Persian People > Memnon
Memnon is probably one of the most important and unknown figures in all of history. He was a general within the ancient Achaemenid Empire who had the single and unpopular opinion of retreating before Alexander III the Great's conquest and waging a war of attrition in order to force Alexander's army to retreat before it even got started.
Memnon was in fact correct, if the Persian Empire had pulled all of the resources out of Asia Minor, destroying crops and taking anything of value the invaders could use Alexander would have been forced to turn back long before he reached the heart of the Persian Empire.
Alexander's Macedonian army was well equipped and invincible in battle but he was going to attempt the conquest without any money or supplies. If he did try to invade Asia Minor the combined might of the Persian military would have been able to crush a hungry and weakened fighting force.
However, the Persian Empire thought of Alexander as a child and refused to submit anything to him, glancing over the fact he conquered all of Greece, a feat they themselves had been unable to do for hundreds of years.
The Persians at this point were reduced to pomp and ceremony and that would prove their downfall against the battle hungry Greeks who were ready to finally subdue and end their longtime foe the Persians.
Memnon's opinion was shot down and he was ordered to assemble his army on the banks of the Granicus River which formed a natural boundary into Asia Minor within the rocky terrain. If Alexander was going to cross into Asia Minor he had to do it at the River Granicus.
In what later became known as the Battle of the Granicus, Alexander with his cavalry and infantry stormed across the river and pushed back the Persians, forcing Memnon and his forces to scatter into the country side.
This battle would allow Alexander to walk through Asia Minor virtually unimpeded, claiming all of the territory along the way. So in fact, by losing this battle Alexander was able to liberate the Greek and other civilization cities that were relived to be free of Persian rule.
These people would often join in his army and probably treated him and his soldiers like the king he was. This conquest of Asia would force Darius III that Alexander was no idle threat and that the next showdown he would personally command the armies.
In following with the motif of hubris the pompous Darius III brought more pomp and circumstance to the Battle of Issus than actual fighters and would be forced to flee into the countryside in his chariot abandoning his mother, wife and family in the process.

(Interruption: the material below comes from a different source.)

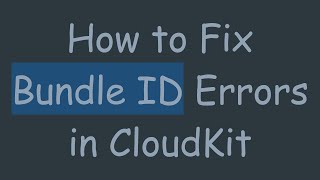 How to Fix Bundle ID Errors in CloudKit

Alexander later pardoned and freed them while restoring their positions within his new empire but that just attests to his character and the lack of such to Darius. He would reassemble his army and try to stop Alexander once more during the Battle of Guagamela but this would end with him fleeing once again. He was not long for the world with his cowardice and was soon betrayed by his own people which led to the entire collapse of the Persian Empire.